You consolidated your applications in one database, but now one application needs recovery... Oracle Headquarters Redwood Shores1 e1698667100526

You consolidated your applications in one database, but now one application needs recovery…

Imagine this: You have consolidated you applications into one database (version 10gR2). You take a full backup every Tuesday and Thursday evening and an archivelog backup every few hours. These backups go to an NFS share, and not straight to tape. Everything is running fine until one day a new release of one of the applications messes up its data. Let’s assume that happened on a Wednesday evening.

Application management want’s you to restore the data of app_schema to just before the new misbehaving release went live.

DBA: Say what?
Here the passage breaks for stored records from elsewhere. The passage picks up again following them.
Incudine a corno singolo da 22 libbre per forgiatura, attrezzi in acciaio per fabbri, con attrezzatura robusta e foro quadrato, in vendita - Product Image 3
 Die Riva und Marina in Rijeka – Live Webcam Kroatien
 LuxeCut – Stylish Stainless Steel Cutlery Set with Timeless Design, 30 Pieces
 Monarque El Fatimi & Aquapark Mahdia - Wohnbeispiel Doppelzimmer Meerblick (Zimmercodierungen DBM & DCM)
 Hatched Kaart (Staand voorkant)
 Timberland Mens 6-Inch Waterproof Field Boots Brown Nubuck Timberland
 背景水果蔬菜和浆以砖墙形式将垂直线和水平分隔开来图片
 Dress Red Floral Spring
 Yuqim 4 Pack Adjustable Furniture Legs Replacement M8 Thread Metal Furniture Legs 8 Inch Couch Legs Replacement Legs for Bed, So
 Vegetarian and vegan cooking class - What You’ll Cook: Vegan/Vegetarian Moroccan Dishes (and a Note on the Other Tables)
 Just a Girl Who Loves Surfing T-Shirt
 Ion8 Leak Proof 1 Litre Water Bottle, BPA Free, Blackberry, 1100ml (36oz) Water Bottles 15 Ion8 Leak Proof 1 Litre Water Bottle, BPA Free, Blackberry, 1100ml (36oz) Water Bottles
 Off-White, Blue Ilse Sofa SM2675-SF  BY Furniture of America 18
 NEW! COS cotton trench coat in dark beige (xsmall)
Mgmt: Yes, we have a backup don’t we? So please put the data back to just before this release went live. We’ll come back with the exact time we want you to go back to.

What are your options?

1) You can restore and recover the complete database to a previous point in time.

Advantage: Pretty easy to do.

Disadvantage: All the other applications go back in time as well.

Mgmt: No that is not an option!

2) Use flashback database. The end result is as if you had done an point in time recovery. That means that Mgmt doesn’t like this option. Just as option 1). And you need to have set up your database to work with this before hand which wasn’t the case here.

3) Use expdp with flashback_time or flashback_scn.

For example:
expdp / DIRECTORY=DATA_PUMP LOGFILE=expdp_app_schema.log DUMPFILE=expdp_app_schema%u.dmp PARFILE=expdp.par
with expdp.par containing:
flashback_time="TO_TIMESTAMP('2013-09-20 17:04:00','YYYY-MM-DD HH24:MI:SS')"
SCHEMAS=app_schema_one, app_schema_two
PARALLEL=1
FILESIZE=10G

Tweak the parameters to your needs.
If you get any errors about undo…  You are out of luck, and too much time has passed by.

Advantage: Pretty easy to do. No impact for other schema’s.

Disadvantage: You need to have been alerted fairly quickly after the problem or have lot’s of UNDO.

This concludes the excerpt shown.